Middle East

Armed Assad supporters and opponents clash in Lebanon

Supporters of Hizb al-Tahrir protest against Syrian President Bashar al-Assad in Tripoli (10 February 2012)
Image caption Tensions have mounted in Tripoli since the beginning of the Syrian uprising

There has been heavy gunfire in the Lebanese city of Tripoli, as supporters and opponents of Syria's President Bashar al-Assad took to the streets.

Rocket-propelled grenades were also fired and a bystander was injured by a stray round, officials said.

Prime Minister Najib Mikati told the army to "take necessary measures to halt" the events in the northern port.

The violence erupted after hundreds of people attended an anti-Assad demonstration after Friday prayers.

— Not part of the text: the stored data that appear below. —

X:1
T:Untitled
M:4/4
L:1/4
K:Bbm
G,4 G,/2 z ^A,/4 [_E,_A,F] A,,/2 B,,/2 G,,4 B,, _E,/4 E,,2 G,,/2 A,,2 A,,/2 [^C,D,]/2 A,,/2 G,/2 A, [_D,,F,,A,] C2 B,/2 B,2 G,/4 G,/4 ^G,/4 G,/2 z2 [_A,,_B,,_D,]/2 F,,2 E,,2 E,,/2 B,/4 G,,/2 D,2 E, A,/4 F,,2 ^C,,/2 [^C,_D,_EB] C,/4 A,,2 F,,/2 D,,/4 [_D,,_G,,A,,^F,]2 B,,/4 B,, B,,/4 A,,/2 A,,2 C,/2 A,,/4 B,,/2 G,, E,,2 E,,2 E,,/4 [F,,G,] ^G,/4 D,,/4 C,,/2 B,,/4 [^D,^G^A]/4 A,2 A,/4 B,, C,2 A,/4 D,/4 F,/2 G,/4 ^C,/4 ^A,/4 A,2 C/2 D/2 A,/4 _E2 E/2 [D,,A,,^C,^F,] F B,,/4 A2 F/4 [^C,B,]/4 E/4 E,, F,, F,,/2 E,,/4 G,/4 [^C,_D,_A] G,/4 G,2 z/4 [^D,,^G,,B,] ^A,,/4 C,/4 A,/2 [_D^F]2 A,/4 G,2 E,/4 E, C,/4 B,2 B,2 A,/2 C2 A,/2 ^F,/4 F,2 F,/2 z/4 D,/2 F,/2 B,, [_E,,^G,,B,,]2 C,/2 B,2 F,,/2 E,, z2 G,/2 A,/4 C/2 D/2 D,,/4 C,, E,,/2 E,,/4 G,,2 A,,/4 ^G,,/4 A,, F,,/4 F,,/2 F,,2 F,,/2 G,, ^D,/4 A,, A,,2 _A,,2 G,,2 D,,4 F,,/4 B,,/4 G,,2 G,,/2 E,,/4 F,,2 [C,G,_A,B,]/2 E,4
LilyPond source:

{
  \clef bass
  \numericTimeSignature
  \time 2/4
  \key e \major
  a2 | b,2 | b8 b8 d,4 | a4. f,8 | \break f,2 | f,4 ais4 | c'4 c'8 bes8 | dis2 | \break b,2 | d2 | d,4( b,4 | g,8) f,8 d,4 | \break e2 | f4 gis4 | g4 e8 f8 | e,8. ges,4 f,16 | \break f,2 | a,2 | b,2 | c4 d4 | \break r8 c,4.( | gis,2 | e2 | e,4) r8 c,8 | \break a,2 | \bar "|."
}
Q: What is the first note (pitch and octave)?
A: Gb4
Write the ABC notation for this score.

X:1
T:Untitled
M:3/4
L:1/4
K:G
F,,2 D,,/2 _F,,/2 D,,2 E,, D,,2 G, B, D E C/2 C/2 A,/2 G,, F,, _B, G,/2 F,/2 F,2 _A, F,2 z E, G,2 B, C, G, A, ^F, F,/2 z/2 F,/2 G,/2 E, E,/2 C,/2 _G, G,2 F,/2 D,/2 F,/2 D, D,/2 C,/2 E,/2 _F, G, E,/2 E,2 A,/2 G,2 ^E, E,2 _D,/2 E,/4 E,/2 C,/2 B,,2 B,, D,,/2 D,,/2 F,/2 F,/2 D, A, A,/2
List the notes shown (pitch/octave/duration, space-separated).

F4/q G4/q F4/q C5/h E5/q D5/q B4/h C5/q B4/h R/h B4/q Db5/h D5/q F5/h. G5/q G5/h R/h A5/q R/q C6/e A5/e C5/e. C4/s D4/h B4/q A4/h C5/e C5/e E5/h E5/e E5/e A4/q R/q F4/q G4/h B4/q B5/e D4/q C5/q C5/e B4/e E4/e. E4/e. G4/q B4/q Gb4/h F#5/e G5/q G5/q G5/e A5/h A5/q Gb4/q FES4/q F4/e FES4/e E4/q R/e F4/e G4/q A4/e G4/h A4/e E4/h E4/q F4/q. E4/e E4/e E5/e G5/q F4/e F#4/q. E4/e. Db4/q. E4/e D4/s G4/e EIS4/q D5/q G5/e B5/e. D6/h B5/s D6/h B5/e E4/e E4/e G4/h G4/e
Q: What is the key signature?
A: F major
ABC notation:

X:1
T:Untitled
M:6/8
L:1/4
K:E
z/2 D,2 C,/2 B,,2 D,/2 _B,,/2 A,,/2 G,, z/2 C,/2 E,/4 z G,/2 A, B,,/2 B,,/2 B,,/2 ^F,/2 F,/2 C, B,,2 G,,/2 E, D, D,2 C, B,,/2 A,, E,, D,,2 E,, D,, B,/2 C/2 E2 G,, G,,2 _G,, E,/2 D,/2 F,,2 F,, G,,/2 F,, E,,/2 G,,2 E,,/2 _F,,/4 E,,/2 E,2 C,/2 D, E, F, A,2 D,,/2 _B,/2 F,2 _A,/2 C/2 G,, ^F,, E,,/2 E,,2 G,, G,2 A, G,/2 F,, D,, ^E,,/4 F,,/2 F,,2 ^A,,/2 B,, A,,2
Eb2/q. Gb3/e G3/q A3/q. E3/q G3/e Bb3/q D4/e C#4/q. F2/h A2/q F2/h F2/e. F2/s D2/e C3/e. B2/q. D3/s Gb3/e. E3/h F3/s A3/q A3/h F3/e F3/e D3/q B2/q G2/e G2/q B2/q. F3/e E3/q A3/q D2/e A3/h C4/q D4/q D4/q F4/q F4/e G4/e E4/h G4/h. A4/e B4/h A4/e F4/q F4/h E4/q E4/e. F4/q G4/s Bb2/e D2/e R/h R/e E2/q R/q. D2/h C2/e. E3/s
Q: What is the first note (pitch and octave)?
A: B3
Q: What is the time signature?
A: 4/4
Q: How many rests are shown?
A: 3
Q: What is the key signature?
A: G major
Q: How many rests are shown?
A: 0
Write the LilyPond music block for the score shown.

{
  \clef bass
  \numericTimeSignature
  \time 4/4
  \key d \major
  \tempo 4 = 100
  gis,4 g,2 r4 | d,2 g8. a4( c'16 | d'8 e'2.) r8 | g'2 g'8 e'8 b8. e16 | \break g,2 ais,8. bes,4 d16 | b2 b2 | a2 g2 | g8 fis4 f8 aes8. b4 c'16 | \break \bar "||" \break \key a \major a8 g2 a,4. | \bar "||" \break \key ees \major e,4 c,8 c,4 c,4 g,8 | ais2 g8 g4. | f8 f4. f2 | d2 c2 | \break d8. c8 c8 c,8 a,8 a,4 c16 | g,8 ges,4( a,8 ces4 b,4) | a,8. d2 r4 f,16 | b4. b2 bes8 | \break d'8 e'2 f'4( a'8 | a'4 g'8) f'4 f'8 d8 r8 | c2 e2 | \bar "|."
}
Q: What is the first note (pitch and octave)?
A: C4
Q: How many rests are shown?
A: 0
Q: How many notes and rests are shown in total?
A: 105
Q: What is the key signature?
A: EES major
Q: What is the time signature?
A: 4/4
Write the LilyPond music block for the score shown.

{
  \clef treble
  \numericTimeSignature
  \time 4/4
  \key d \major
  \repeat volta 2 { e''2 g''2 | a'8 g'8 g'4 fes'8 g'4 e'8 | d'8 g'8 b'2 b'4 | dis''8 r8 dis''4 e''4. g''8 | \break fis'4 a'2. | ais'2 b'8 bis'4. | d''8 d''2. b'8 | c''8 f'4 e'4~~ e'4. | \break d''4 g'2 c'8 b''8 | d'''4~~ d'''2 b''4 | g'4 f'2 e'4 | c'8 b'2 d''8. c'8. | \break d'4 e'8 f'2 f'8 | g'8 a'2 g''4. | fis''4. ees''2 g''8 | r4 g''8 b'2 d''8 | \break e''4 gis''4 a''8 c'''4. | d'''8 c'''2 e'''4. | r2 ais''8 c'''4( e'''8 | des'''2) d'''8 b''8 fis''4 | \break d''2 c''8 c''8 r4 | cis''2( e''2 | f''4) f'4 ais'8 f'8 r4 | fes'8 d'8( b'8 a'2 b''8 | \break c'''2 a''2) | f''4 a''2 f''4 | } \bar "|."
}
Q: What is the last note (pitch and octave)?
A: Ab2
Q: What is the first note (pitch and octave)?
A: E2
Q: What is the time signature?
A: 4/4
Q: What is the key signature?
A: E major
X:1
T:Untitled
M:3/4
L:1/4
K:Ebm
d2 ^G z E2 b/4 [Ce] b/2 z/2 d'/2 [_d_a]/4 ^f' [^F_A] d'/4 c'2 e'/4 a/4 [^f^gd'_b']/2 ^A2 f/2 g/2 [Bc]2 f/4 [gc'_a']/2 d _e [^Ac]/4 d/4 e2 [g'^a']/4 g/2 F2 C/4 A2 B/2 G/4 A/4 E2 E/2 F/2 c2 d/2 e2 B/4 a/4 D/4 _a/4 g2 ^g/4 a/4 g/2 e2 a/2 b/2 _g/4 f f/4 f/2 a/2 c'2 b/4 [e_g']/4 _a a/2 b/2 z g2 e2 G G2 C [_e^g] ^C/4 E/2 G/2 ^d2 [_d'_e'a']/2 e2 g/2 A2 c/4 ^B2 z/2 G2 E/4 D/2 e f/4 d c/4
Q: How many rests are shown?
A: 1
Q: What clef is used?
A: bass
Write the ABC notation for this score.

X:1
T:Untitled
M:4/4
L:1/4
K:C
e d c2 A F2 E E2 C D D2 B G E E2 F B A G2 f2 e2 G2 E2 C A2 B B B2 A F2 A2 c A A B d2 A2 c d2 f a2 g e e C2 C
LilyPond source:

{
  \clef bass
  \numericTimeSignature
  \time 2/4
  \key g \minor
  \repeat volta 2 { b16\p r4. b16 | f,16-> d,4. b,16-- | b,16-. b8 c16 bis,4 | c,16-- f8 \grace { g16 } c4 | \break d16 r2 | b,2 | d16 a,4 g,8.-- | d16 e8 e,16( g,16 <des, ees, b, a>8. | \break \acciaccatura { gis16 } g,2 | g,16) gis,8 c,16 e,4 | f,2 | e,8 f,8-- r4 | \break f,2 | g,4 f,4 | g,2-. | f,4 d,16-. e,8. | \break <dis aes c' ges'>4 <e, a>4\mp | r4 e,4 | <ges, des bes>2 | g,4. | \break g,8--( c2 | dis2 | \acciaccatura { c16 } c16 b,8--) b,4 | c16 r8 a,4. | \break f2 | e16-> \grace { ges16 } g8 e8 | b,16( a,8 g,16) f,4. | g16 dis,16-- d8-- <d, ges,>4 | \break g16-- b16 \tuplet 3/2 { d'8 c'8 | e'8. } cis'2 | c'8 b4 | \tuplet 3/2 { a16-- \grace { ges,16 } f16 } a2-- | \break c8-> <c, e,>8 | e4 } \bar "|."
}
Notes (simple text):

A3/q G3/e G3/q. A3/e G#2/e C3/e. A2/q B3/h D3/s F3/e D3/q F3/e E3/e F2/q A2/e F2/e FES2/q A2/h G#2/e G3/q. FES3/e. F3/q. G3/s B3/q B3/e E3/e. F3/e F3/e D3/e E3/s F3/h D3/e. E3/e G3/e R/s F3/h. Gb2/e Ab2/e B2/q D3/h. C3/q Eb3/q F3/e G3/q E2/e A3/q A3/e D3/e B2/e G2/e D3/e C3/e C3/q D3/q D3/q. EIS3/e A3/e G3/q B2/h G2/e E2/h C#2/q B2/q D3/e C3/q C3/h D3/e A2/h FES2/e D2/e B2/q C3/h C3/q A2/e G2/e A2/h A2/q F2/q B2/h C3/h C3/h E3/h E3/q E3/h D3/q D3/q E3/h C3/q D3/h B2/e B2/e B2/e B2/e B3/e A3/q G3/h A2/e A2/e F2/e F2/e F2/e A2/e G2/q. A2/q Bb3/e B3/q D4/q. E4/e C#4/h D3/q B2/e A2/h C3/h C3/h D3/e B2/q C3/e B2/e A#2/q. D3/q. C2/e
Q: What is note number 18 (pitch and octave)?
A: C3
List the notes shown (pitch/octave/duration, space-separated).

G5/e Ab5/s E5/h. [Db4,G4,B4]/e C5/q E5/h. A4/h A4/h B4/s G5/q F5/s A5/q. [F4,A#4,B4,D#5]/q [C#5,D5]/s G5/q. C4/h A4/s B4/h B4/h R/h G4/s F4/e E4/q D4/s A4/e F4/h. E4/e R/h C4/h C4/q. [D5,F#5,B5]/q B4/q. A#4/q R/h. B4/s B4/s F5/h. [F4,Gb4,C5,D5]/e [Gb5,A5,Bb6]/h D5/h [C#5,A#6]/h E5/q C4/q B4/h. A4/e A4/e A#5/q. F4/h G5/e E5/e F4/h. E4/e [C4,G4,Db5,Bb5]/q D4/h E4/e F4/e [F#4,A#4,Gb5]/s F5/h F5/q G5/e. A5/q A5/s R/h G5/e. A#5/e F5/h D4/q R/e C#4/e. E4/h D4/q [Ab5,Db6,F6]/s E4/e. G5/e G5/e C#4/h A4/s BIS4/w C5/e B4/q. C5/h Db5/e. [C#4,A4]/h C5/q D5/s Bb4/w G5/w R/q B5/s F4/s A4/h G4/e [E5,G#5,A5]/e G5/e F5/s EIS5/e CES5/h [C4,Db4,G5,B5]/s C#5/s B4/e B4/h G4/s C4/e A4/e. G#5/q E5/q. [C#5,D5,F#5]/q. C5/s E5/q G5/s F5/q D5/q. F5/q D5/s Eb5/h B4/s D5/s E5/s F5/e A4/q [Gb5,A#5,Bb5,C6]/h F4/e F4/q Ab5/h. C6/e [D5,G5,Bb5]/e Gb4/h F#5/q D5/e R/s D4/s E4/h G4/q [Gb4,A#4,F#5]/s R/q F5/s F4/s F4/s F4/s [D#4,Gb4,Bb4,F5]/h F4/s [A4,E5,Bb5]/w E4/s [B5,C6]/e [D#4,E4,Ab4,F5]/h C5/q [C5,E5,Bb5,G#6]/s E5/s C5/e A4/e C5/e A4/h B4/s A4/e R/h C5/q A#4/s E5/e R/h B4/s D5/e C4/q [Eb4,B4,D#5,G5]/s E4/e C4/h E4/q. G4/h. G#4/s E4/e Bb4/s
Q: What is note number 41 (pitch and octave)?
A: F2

Residents said the RPGs were fired from the Sunni Muslim district of Bab al-Tabbana towards the Alawite district of Jabal Muhsin.

People from the two areas clash frequently, but tensions have mounted since the beginning of the uprising in Syria in March.

Mr Assad is an Alawite and members of the minority Shia sect occupy key positions in the Syrian government and security forces.

Syria's majority Sunni community has been at the forefront of the revolt against the president and borne the brunt of the state's crackdown, which human rights groups say has left more than 7,000 people dead.